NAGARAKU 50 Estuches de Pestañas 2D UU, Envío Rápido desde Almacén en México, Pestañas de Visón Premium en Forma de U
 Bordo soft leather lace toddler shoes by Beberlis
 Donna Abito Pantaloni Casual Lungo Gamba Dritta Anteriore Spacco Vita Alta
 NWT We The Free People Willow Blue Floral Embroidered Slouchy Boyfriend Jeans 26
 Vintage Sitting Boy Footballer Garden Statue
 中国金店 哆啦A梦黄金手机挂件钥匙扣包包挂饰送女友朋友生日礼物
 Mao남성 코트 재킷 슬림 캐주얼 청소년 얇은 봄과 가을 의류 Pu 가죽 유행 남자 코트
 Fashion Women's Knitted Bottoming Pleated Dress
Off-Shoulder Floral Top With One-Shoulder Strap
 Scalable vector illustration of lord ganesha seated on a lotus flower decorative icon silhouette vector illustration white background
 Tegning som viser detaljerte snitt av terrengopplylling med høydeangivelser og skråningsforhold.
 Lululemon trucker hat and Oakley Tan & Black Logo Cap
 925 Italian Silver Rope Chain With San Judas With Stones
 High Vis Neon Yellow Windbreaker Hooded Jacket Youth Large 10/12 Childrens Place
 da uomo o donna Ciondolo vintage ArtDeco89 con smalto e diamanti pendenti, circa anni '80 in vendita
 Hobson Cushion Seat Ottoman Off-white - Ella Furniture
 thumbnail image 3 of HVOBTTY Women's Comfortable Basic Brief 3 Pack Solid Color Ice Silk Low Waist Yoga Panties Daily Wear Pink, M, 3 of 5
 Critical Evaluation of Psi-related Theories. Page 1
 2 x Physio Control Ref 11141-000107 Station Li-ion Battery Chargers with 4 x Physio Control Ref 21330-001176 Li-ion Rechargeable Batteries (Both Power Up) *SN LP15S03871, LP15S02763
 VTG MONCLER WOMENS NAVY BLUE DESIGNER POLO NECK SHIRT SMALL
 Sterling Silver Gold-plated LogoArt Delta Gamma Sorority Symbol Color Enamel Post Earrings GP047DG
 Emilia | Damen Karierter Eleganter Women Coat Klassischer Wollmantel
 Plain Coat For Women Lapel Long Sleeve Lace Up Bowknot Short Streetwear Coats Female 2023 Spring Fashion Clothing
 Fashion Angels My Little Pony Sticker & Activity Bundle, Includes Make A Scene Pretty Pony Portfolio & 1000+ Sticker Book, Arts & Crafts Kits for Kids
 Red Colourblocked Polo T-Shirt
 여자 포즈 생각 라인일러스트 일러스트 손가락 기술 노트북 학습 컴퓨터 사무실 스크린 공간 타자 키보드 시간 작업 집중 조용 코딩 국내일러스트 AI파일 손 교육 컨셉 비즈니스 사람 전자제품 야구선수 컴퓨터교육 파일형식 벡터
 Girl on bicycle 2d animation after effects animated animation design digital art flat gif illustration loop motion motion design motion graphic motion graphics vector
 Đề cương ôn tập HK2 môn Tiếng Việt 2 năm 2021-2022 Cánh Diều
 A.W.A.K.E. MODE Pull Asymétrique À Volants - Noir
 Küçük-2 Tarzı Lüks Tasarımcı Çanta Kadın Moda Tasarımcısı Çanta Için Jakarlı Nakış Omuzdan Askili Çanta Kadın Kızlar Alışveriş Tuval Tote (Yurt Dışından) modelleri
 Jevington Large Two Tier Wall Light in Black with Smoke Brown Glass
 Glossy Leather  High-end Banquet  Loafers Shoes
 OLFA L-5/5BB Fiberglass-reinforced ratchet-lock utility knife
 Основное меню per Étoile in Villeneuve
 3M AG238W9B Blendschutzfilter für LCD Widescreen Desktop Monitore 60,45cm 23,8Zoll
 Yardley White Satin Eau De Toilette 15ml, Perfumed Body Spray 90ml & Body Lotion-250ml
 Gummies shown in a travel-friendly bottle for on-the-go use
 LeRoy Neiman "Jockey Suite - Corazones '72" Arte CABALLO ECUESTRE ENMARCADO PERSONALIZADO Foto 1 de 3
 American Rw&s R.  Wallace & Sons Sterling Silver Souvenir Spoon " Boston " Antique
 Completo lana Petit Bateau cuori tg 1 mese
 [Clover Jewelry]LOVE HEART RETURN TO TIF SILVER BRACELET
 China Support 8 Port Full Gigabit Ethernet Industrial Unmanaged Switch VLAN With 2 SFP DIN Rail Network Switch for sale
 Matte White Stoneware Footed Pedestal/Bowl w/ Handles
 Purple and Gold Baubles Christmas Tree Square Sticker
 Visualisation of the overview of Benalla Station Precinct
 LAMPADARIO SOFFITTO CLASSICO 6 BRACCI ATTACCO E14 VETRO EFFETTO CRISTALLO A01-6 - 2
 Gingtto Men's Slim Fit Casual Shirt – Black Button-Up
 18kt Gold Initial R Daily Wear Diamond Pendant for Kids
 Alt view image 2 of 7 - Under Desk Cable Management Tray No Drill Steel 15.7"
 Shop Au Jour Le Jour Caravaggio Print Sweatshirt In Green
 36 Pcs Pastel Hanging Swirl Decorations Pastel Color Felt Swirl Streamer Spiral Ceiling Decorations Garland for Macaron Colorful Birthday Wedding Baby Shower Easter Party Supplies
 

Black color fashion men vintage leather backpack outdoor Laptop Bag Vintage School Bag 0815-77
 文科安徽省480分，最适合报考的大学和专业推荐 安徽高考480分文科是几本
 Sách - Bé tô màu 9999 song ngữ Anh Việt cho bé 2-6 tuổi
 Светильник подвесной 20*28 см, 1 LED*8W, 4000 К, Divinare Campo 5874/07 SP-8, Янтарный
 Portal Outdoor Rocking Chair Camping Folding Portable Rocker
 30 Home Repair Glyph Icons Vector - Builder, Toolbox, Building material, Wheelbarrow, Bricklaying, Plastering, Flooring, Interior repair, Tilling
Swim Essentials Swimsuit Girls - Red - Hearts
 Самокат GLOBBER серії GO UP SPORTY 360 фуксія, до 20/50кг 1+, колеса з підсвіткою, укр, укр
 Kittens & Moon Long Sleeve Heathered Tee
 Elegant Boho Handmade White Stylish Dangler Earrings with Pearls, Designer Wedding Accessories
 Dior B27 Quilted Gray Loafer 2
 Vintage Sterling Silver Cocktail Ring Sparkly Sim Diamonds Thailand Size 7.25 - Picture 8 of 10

● ● ● ● ● ● ●

The lines to copy run from the first line of the entries to the line containing "Scalable vector illustration"; copy them exactly and output nothing else.

NAGARAKU 50 Estuches de Pestañas 2D UU, Envío Rápido desde Almacén en México, Pestañas de Visón Premium en Forma de U
 Bordo soft leather lace toddler shoes by Beberlis
 Donna Abito Pantaloni Casual Lungo Gamba Dritta Anteriore Spacco Vita Alta
 NWT We The Free People Willow Blue Floral Embroidered Slouchy Boyfriend Jeans 26
 Vintage Sitting Boy Footballer Garden Statue
 中国金店 哆啦A梦黄金手机挂件钥匙扣包包挂饰送女友朋友生日礼物
 Mao남성 코트 재킷 슬림 캐주얼 청소년 얇은 봄과 가을 의류 Pu 가죽 유행 남자 코트
 Fashion Women's Knitted Bottoming Pleated Dress
Off-Shoulder Floral Top With One-Shoulder Strap
 Scalable vector illustration of lord ganesha seated on a lotus flower decorative icon silhouette vector illustration white background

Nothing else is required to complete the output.